Entries provided START
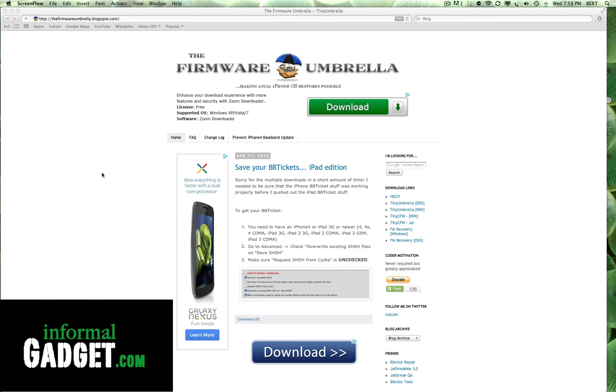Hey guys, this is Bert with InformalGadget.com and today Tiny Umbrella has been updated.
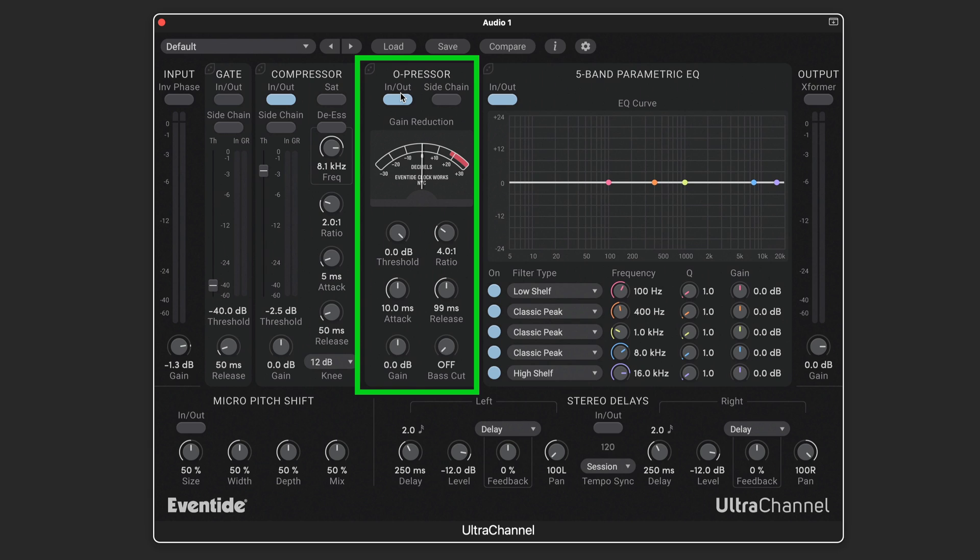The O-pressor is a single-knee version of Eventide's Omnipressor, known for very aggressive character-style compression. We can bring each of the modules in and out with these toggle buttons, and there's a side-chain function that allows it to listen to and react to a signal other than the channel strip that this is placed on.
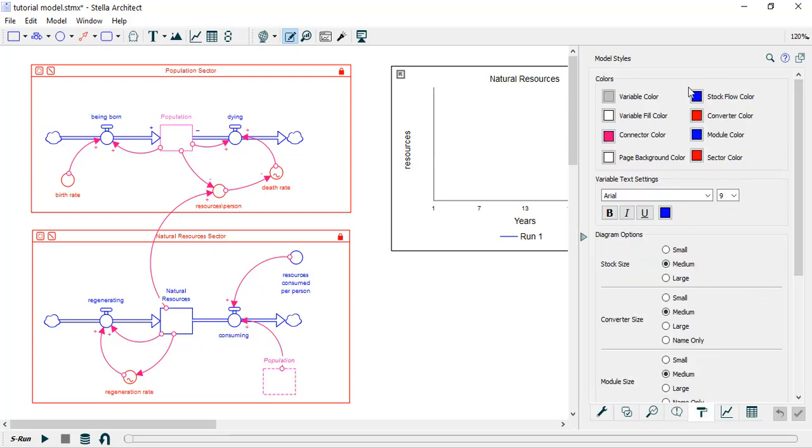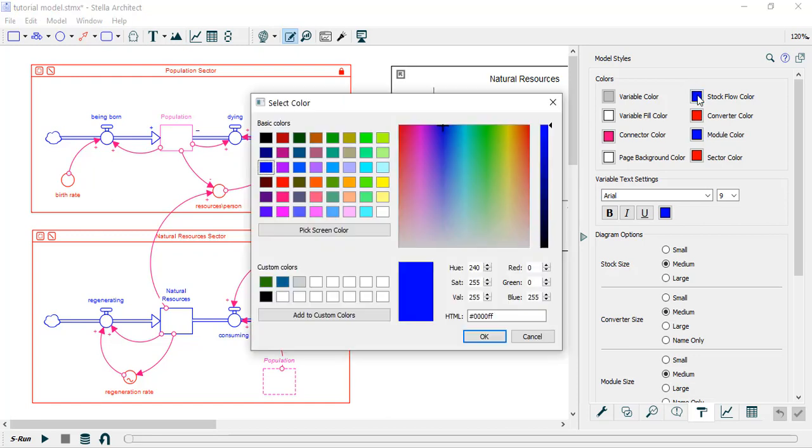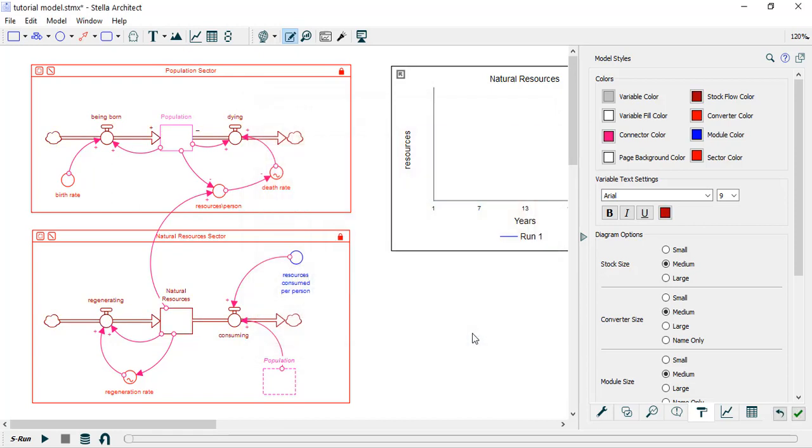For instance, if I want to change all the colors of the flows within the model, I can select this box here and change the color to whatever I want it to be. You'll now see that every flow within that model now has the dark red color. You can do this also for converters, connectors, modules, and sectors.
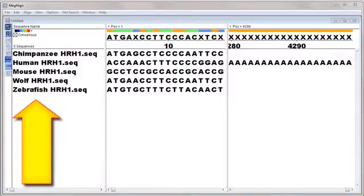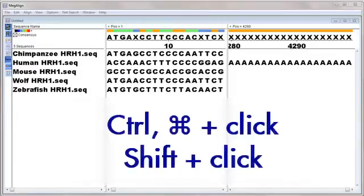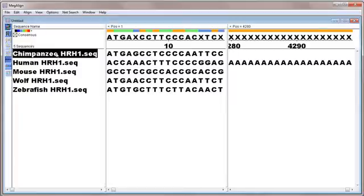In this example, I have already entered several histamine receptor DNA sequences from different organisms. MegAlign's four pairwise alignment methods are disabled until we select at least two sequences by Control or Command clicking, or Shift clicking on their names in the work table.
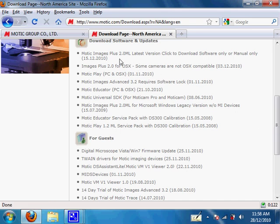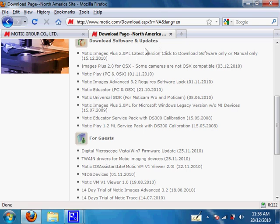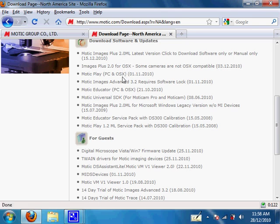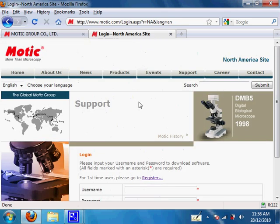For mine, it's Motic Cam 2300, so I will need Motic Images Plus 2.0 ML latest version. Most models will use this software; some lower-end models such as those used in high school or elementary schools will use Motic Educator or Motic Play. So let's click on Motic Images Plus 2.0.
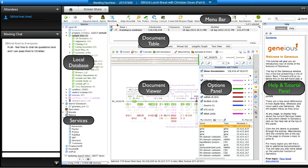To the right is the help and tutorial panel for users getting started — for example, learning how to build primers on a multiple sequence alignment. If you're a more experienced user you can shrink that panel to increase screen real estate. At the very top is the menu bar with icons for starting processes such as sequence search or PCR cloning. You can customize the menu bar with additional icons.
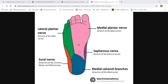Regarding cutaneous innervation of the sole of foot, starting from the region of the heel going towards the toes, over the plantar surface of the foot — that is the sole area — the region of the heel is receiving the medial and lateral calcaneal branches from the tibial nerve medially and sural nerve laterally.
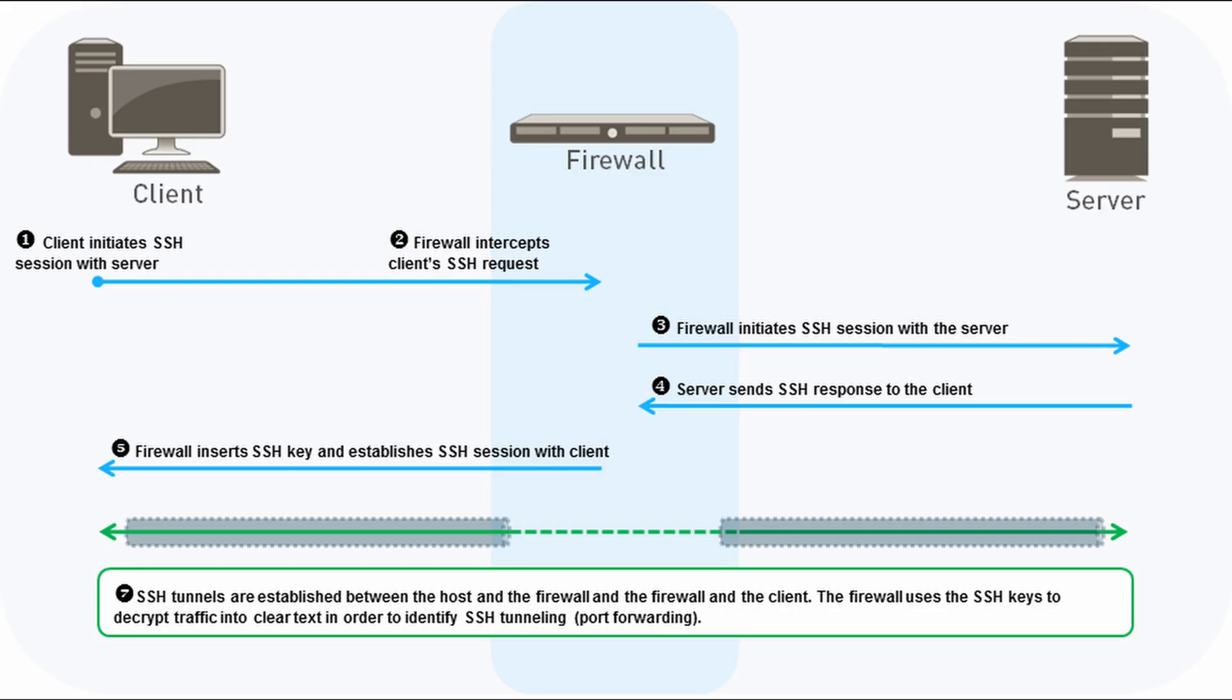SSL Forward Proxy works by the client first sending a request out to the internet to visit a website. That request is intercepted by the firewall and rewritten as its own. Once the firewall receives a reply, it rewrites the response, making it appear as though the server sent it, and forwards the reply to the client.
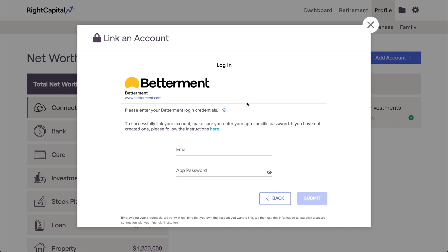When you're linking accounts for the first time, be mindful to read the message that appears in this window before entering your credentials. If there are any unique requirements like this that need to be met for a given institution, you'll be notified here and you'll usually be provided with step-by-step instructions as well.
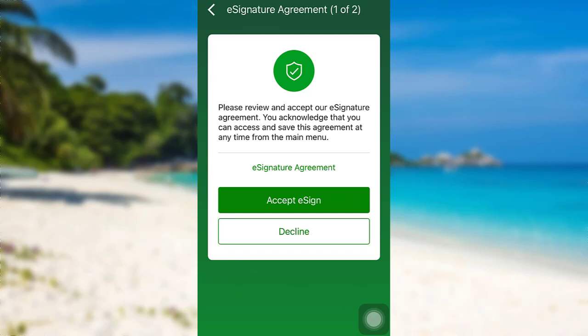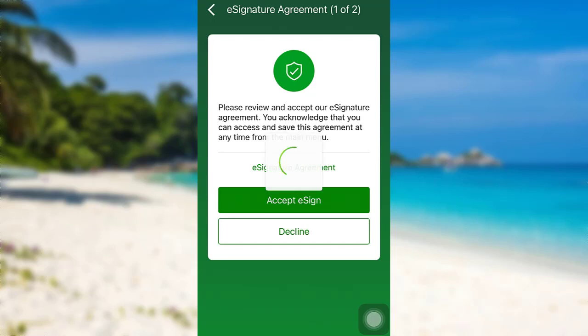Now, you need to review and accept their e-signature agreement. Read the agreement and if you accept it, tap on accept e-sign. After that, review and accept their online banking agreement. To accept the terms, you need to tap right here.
Entries provided END
Entries provided START
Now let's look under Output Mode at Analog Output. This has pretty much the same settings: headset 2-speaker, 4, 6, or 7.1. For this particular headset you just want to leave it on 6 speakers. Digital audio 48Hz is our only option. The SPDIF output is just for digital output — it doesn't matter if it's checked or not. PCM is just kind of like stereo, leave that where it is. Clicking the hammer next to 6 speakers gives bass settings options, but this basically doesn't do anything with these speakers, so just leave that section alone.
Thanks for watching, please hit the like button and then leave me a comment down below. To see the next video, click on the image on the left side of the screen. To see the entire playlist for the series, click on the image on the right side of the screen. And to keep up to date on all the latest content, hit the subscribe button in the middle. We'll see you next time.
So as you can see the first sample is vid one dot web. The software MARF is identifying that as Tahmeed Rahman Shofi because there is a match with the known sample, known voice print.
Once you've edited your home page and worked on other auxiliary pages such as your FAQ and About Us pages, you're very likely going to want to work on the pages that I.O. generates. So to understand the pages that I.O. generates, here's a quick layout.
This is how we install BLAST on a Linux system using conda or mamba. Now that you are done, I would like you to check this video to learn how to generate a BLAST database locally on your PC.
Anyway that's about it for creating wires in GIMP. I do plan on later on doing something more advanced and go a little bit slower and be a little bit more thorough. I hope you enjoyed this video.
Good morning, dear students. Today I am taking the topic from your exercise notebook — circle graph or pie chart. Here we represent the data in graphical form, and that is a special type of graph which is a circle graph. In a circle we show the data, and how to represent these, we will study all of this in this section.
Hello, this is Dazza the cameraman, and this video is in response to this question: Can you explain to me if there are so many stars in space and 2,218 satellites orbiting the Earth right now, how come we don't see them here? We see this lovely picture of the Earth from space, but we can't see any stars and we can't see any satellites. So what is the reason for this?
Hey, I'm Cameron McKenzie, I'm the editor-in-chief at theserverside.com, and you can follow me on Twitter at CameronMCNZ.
Entries provided END
Using the entries above, reproduce word for word only the lines from the one that contains "SSL Forward Proxy" to the one that contains "Now, you need", both ends included, and drop every picture.

● Output below:
SSL Forward Proxy works by the client first sending a request out to the internet to visit a website. That request is intercepted by the firewall and rewritten as its own. Once the firewall receives a reply, it rewrites the response, making it appear as though the server sent it, and forwards the reply to the client.
When you're linking accounts for the first time, be mindful to read the message that appears in this window before entering your credentials. If there are any unique requirements like this that need to be met for a given institution, you'll be notified here and you'll usually be provided with step-by-step instructions as well.
Now, you need to review and accept their e-signature agreement. Read the agreement and if you accept it, tap on accept e-sign. After that, review and accept their online banking agreement. To accept the terms, you need to tap right here.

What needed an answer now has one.